Es ist viel im Vorfeld darüber diskutiert worden, ob sich der Allgemeine Studierenden Ausschuss (AStA) der Universität Greifswald an der bundesweiten Aktion offiziel beteiligen und eine eigene Demo organisieren soll. Das Studentenparlament erteilte dem AStA schließlich nur einen Informationsauftrag. Fabian Freiberger, AStA Referent für Hochschulpolitik, hatte befürchtet, dass Leute aus der linksextremen Szene sich die Aktion zu Nutze machen könnten. Nach der Absage von offizieller Seite an der Aktion, nahmen der Sozialistisch-Demokratische Studierendenverband (SDS), die Jusos und die Grünen die Organisation einer Veranstaltung selbst in die Hand. Gemeinsam mit vielen Partnern organisierten sie eine Demonstration vom Berthold-Beitz-Platz über die Anklamer Straße durch die Innenstadt bis zum Rubenowplatz.

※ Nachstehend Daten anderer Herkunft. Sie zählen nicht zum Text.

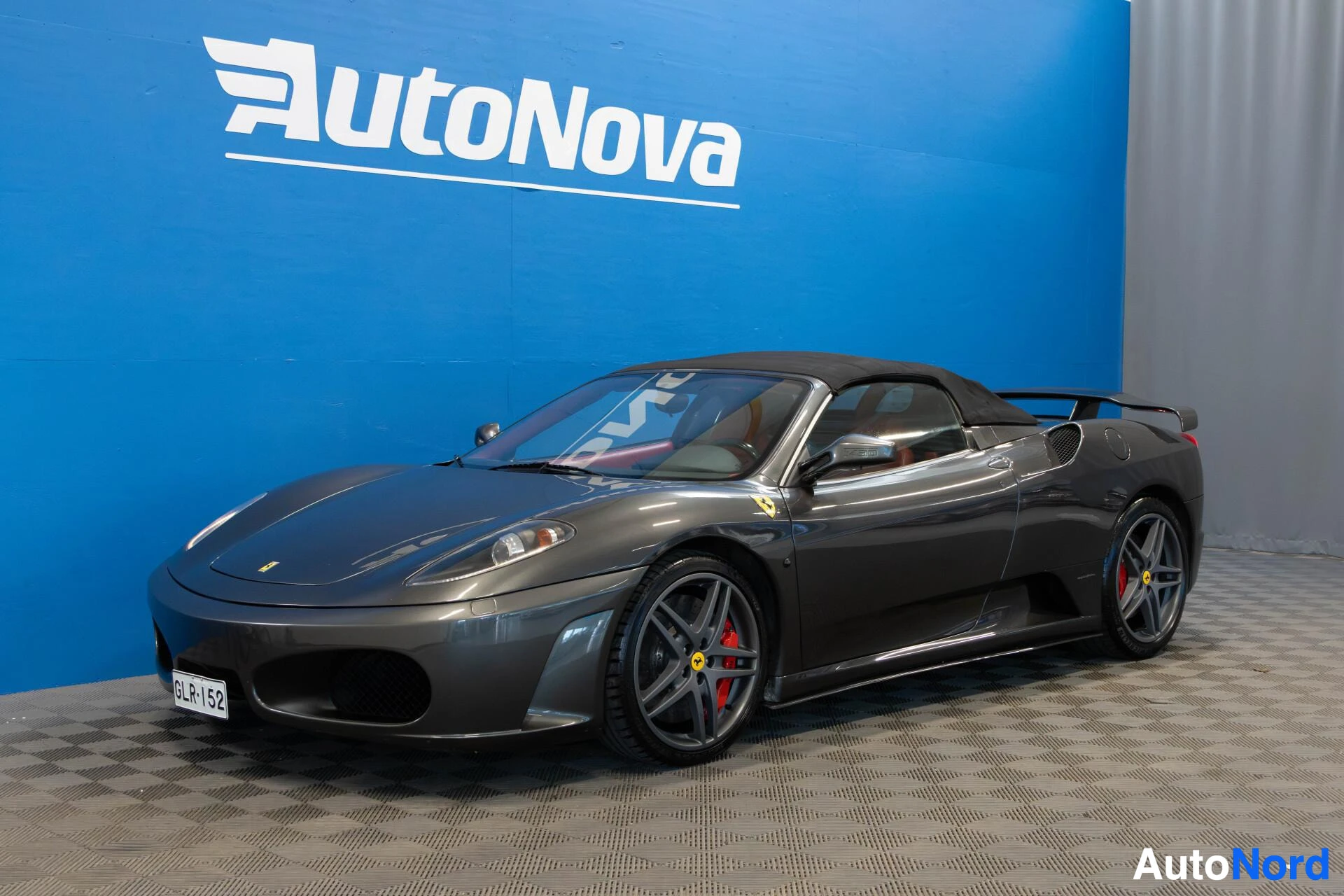Ferrari F430 Spider 4.3 V8 F1 2006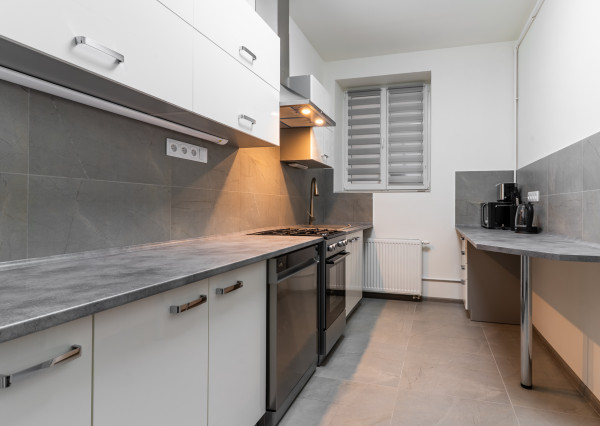 Luxusný veľkometrážny 2-izbový byt (85m2) - Mäsiarska ul.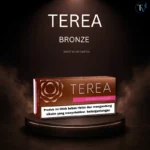 TEREA Bronze Indonesian edition pack for IQOS ILUMA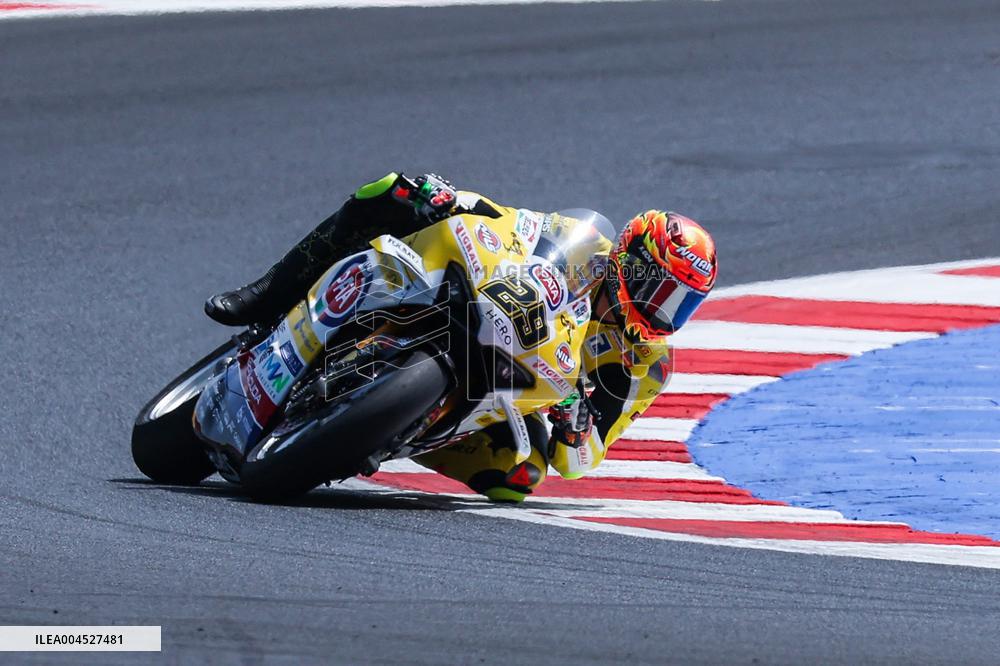 MOTORI - SuperBike - Pirelli Emilia Romagna Round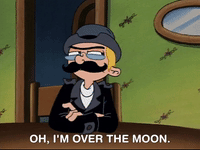 hey arnold nicksplat GIF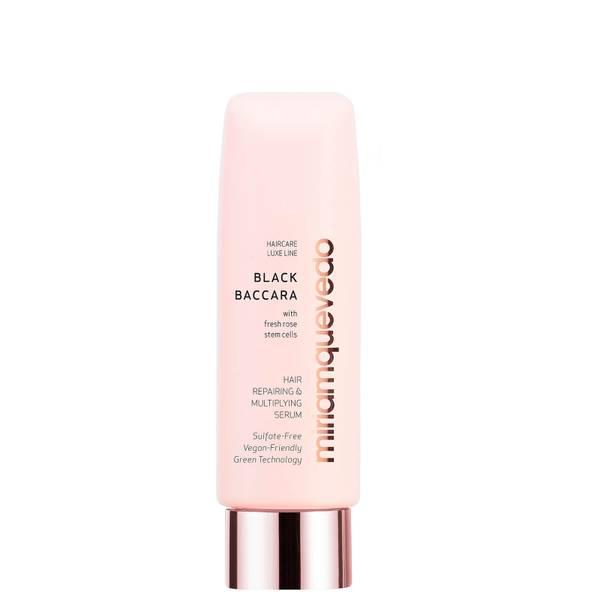 Miriam Quevedo Black Baccara Hair Repairing and Multiplying Serum 100ml商品第1张图片规格展示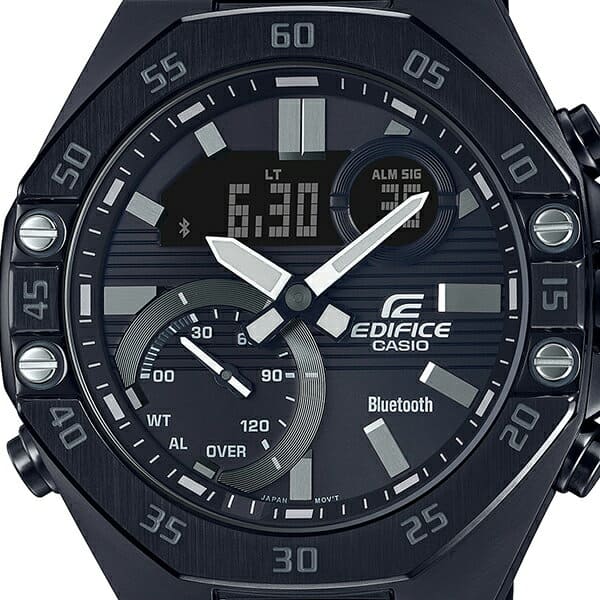 casio edifice ana digi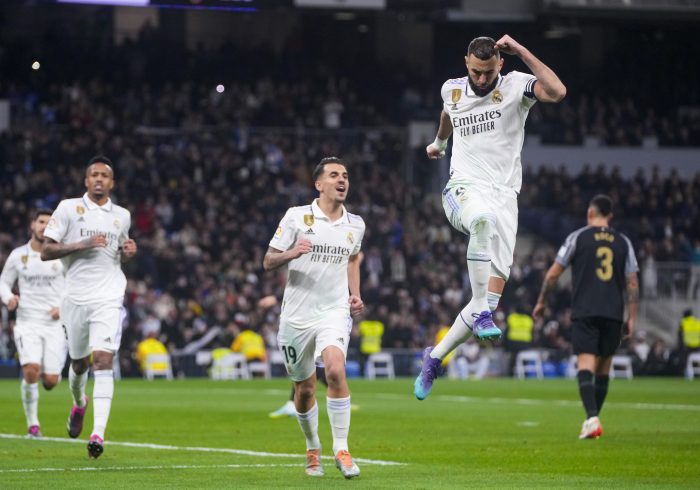 Benzema supera a Raúl, el "intocable" Modric y un Tourmalet para el Madrid: "Un mes complicado"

400 Teilnehmer schlossen sich dem Zug an. Mit lauter Musik und deutlichen Forderungen machten sie auf gravierende Fehlentwicklungen in der Bildungspolitik und Missstände an der Universität Greifswald, wie baufällige Hörsäle und Seminarräume an einigen Instituten, aufmerksam. Wie sich zeigte, waren die Befürchtungen von StuPa und AStA ob linker Steineschmeißer unbegründet, im Laufe der Veranstaltung blieb es in Greifswald völlig friedlich. Von Friede, Freude, Eierkuchen konnte dennoch keine Rede sein. Viele sind gekommen, weil sie mir ihrem Bachlorstudium unzufrieden sind. Eine Reform der neuen Studiengänge, das ist eine der Hauptforderungen des Bildungsstreiks. Viel zu verschult sei das System, auf der Jagd nach Credit Points ginge die Freiheit im Studium völlig verloren. In diesem Zusammenhang sorgte auch die inszenierte Zwangsexmatrikulierung einiger Studenten eine Woche zuvor für Aufsehen. Studenten wurden von dunkel gekleideten Gestalten aus ihren Hörsälen gezerrt; sie hatten nicht alle Prüfungsleistungen erbracht. Der Unterschied zwischen Realität und Schauspiel war nicht für jeden gleich so einfach zu unterscheiden.

„Ich will, dass Bildung kein Privileg für Wenige ist“ erklärte Annika, 22 Jahre und BA-Studentin für Geschichte und Deutsch. Eine erstaunliche Aussage, macht sie doch deutlich, dass diese Generation nicht nur ein Volk aus Egoisten ist, wie oft gemutmaßt. Es geht den Demonstranten in erster Linie gar nicht um sich selbst. In Ihrer Studienzeit werden keine großen Veränderungen mehr herbeigeführt werden können. Doch das viele Geld, welches momentan in die Rettung von Banken und Unternehmen fließt, sehen sie in ihrer Bildung und derer, die nach ihnen kommen, besser angelegt. „Natürlich lässt sich der Verkauf eines Autos kurzfristig als Erfolg werten, doch langfristig brauchen wir gut ausgebildete junge Menschen mit frischen Ideen“, erklärte Anne Klatt von der Grünen Hochschulgruppe.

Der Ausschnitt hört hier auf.